In JavaScript how to make sure that array has at least one specific element and the others meet another condition?

Question

Given an array that contains some status string, I want to validate if the array contains at least one sleeping status and then validate if the rest of the statuses are either ok or sleeping .

So a valid array is ['ok', 'sleeping', 'sleeping', 'ok'] and an invalid array will be something like const states = ['ready', 'working','onBreak','sleeping', 'ok', 'sleeping']

What I have come up with so far is this:

const validArray = ['ok', 'sleeping', 'sleeping', 'ok'];

const isvalid = validArray.some( x => x === 'sleeping')

if(isValid){
  const canDoStuff = validArray.some( x => !['ok','sleeping'].includes(x))
  if(canDoStuff){
    doStuff()  
  }
}

Ideally, I would like to validate that in a single loop,and not two loops.

Answer 1

Rather than .some to check if there's one sleeping item, use .includes .

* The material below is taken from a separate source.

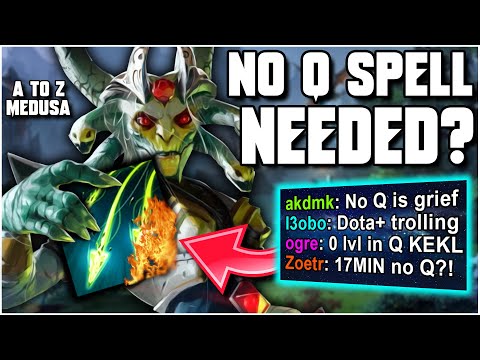 DOTA + TROLLS GRUBBY on MEDUSA... - A to Z - Dota 2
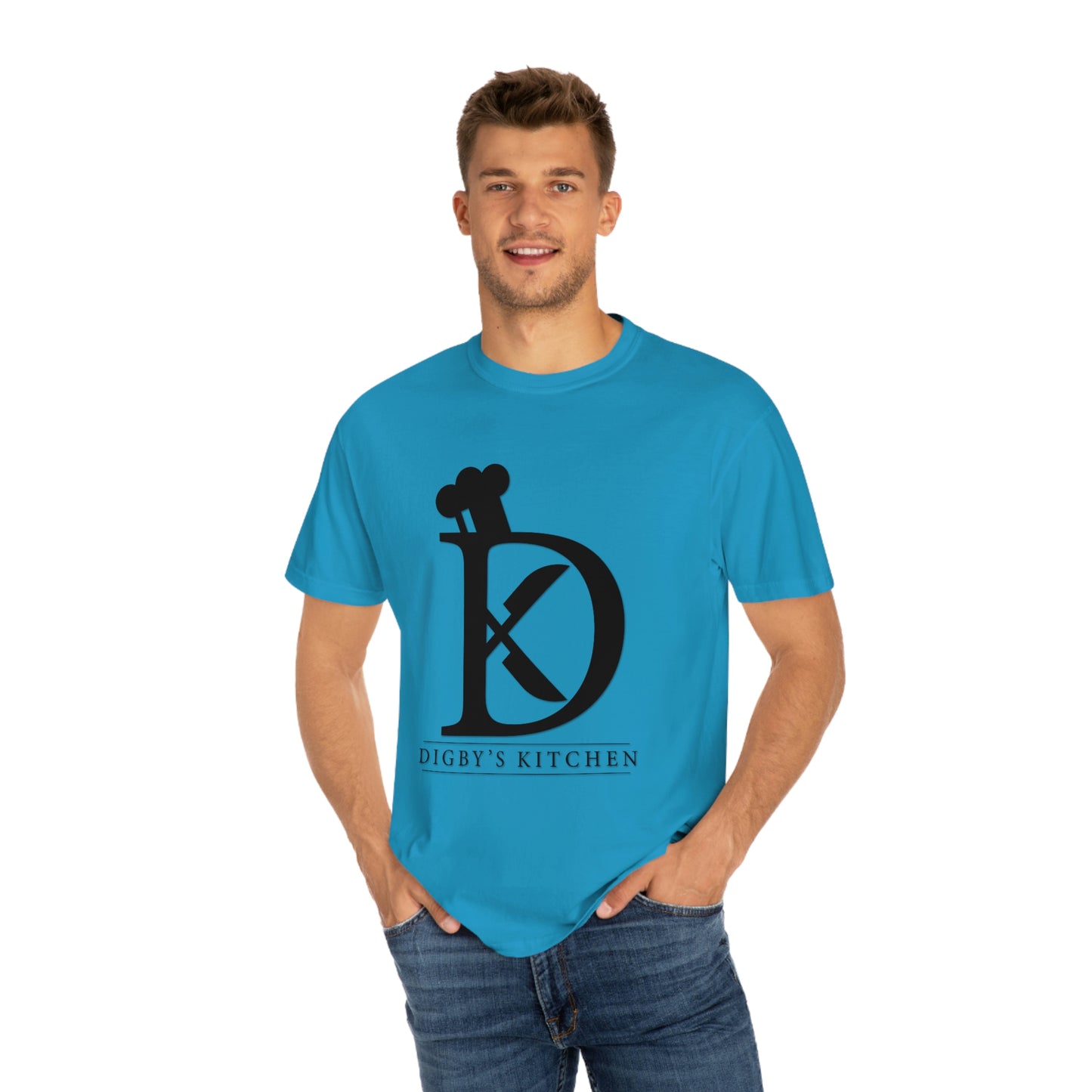 Digby's Kitchen Unisex Garment-Dyed T-shirt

But, your other .some isn't implementing the right logic either; doStuff will only run if there's at least one item which doesn't match. Use .every instead, and check that each does match:

 const validate = input => ( input.includes('sleeping') && input.every(x => ['ok', 'sleeping'].includes(x)) ); console.log(validate(['ok', 'sleeping', 'sleeping', 'ok'])); console.log(validate(['ready', 'working','onBreak','sleeping', 'ok', 'sleeping']));

Answer 2

If you want the fastest code, use a simple for loop:

 'use strict'; function isValid( array ) { let sleeping = false; for( const item of array ) { if( item === 'sleeping' ) { sleeping = true; } else if( item !== 'ok' ) { return false; } } return sleeping; } function test( array ) { console.log( isValid(array) ? 'Valid:' : 'Invalid:', array ); } test( [ 'ok', 'sleeping', 'sleeping', 'ok' ] ); test( [ 'ready', 'working','onBreak','sleeping', 'ok', 'sleeping' ] );

This is a bit more code than the other answers suggest, but it will be faster than any of them.

In particular, the accepted answer uses two loops, not one. You don't see the loops directly because they are hidden inside the .includes() and .every() calls.

I don't mean this as a criticism of that code - it is very clean and simple, which I always like. But when performance counts, it can help to write old-school code that lets you combine multiple loops into one.

Of course it is always wise to benchmark when performance may matter, so I took the test that @scunliffe created (thanks!) and added a test that uses this for loop: https://jsben.ch/vrzl1

If you need to support old versions of Internet Explorer, use a numeric for loop instead of the for-of loop, and var instead of let and const .

Answer 3

You can use a simple for-loop as follow:

 const validate = arr => { let foundSleeping = false; for (let str of arr) { if (!["sleeping", "ok"].includes(str)) return false; if (str === "sleeping") foundSleeping = true; } return foundSleeping; }; console.log(validate(['ok', 'sleeping', 'sleeping', 'ok'])); console.log(validate(['ready', 'working','onBreak','sleeping', 'ok', 'sleeping']));